▸ **Work instruction**: When you copy the records that follow, please keep every word exactly as it is and leave out the pictures.

Short web captions:
● ● ●

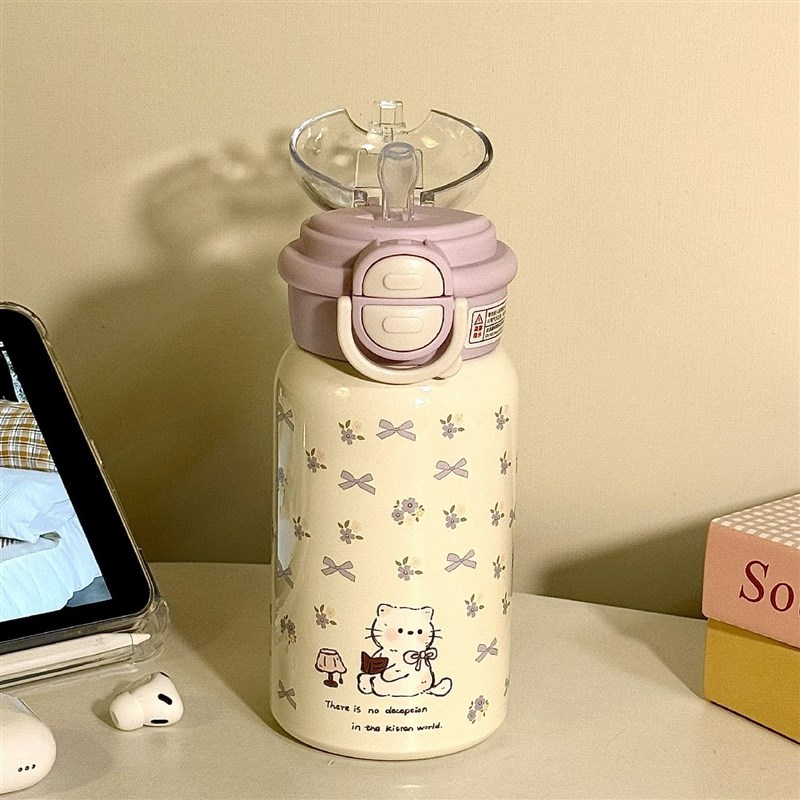 不锈钢水杯保温杯2024t新款高颜值女生吸管杯子学生小猫女孩送礼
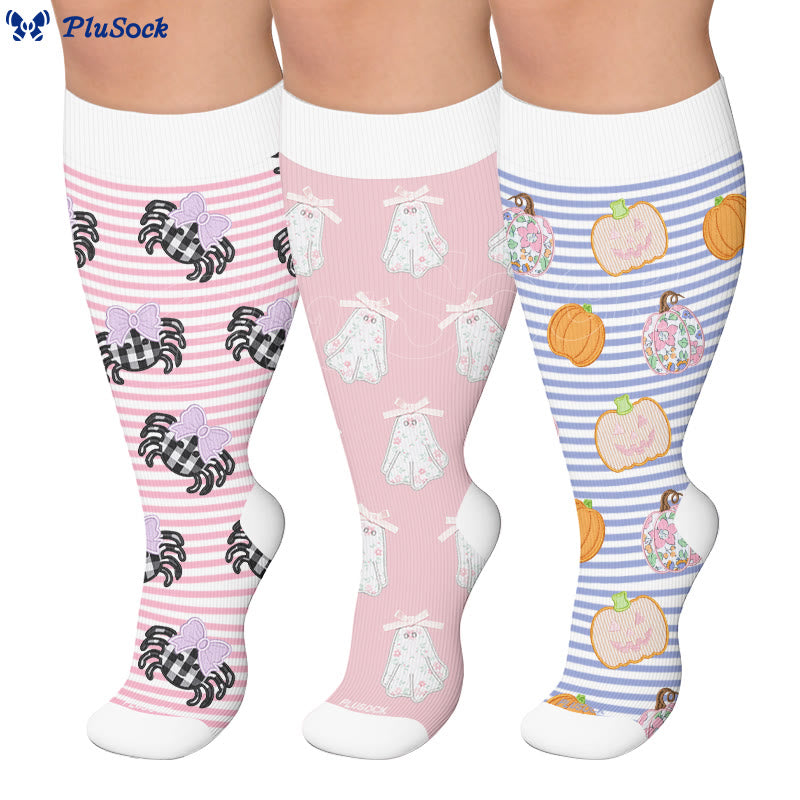 Plus Size Stripe Spider Ghost Compression Socks - image 0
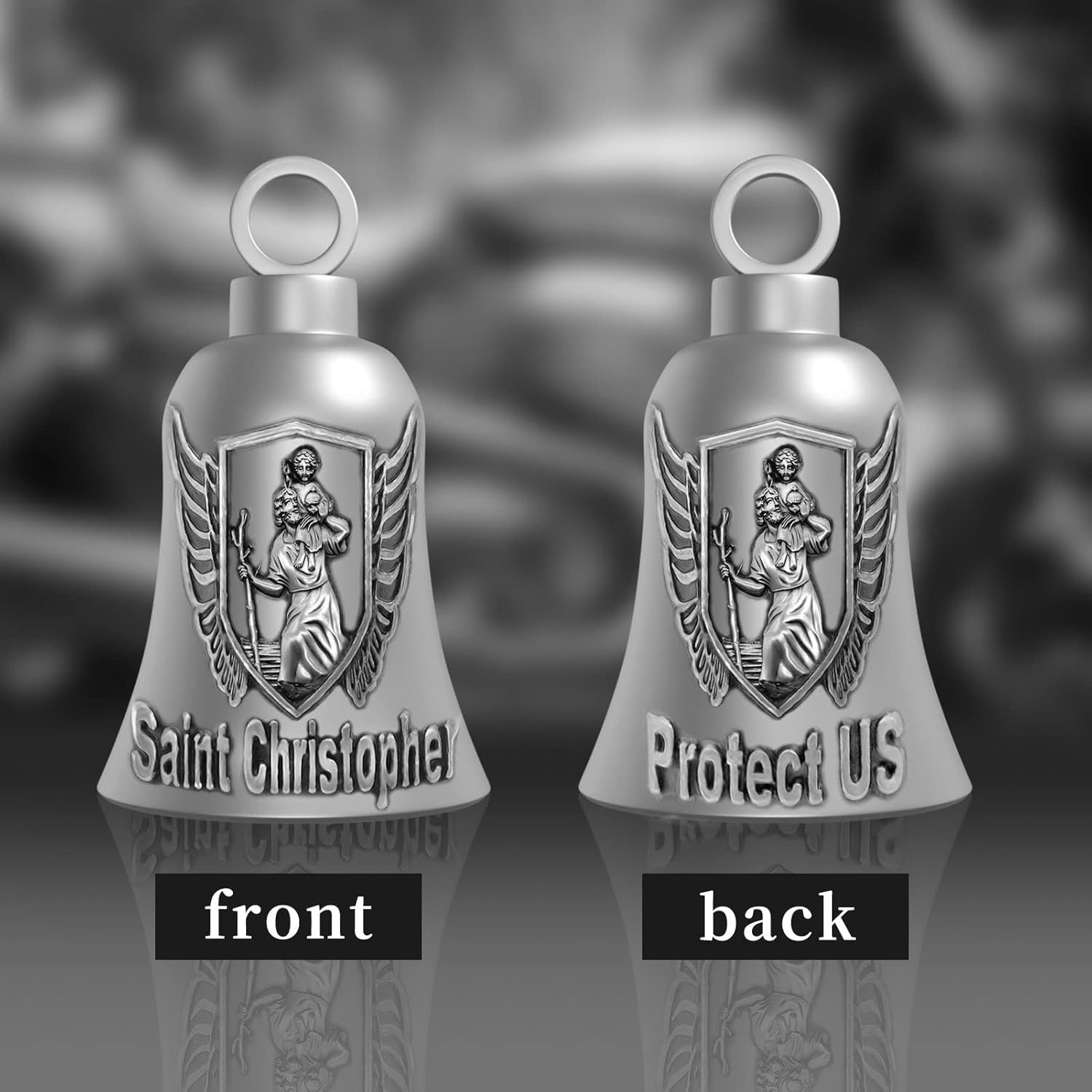 Biker Guardian Luck Riding Bell Motorcycle Gremlin Bells Car Key Chain Ring Accessories with Motorcycle Bell Hanger image number 2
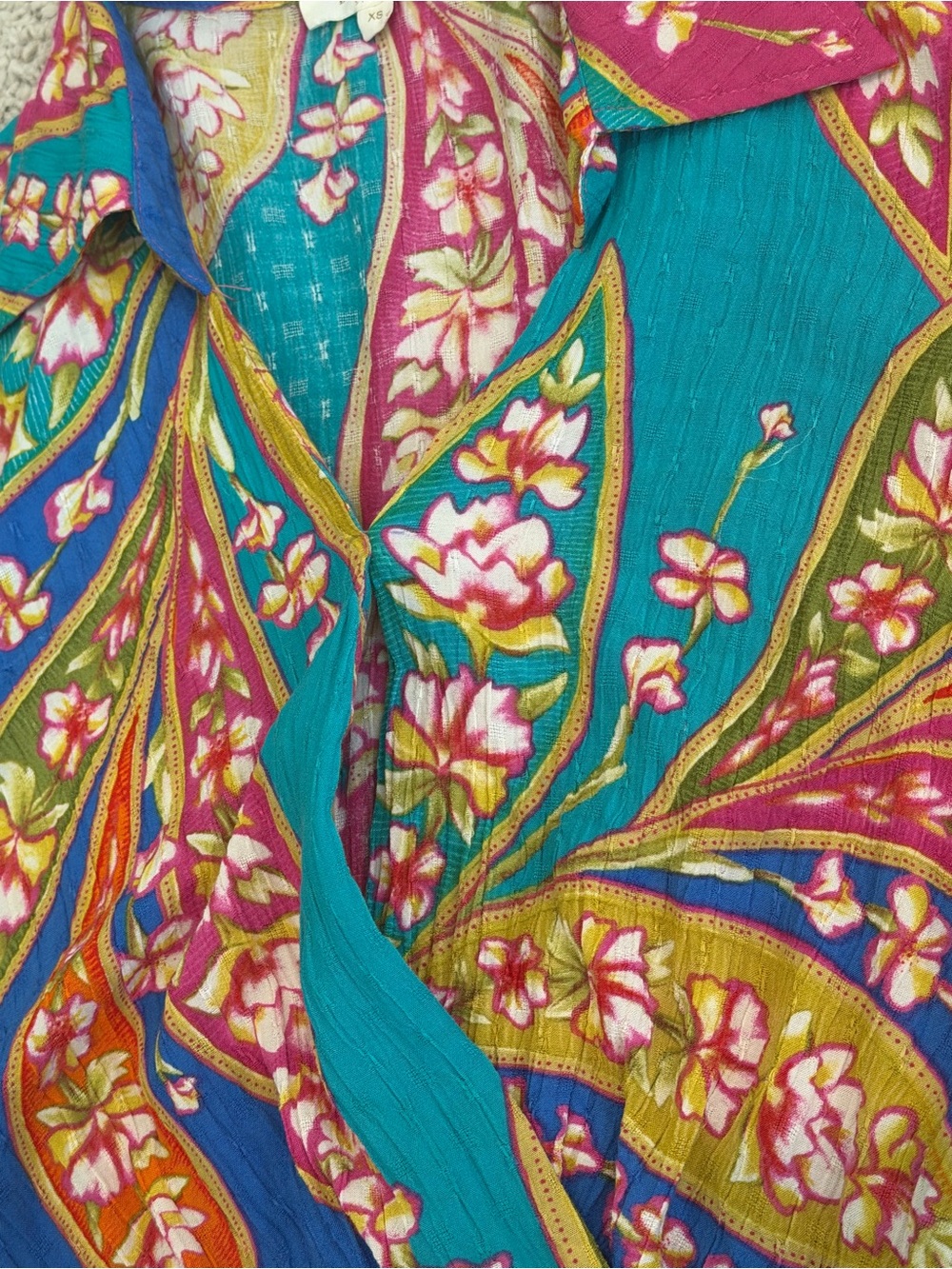 Haute Hippie Turquoise Floral Surplice Blouse with Pink Accents - Picture 4 of 8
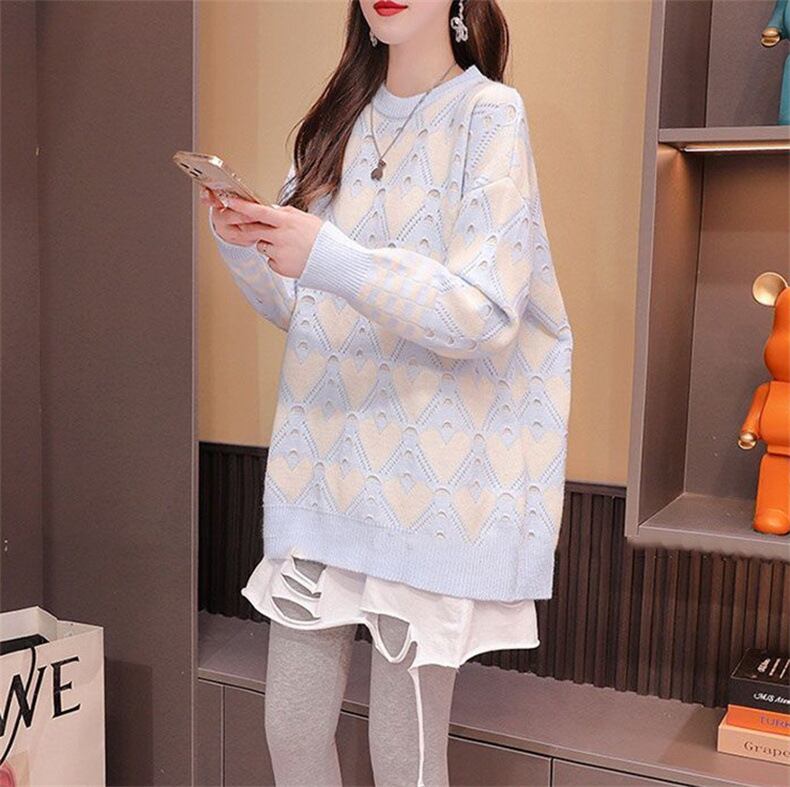 【tops】クルーネックニットセーター　M18698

● ● ●

▸ **Task output**:
 不锈钢水杯保温杯2024t新款高颜值女生吸管杯子学生小猫女孩送礼
 Plus Size Stripe Spider Ghost Compression Socks - image 0
 Biker Guardian Luck Riding Bell Motorcycle Gremlin Bells Car Key Chain Ring Accessories with Motorcycle Bell Hanger image number 2
 Haute Hippie Turquoise Floral Surplice Blouse with Pink Accents - Picture 4 of 8
 【tops】クルーネックニットセーター　M18698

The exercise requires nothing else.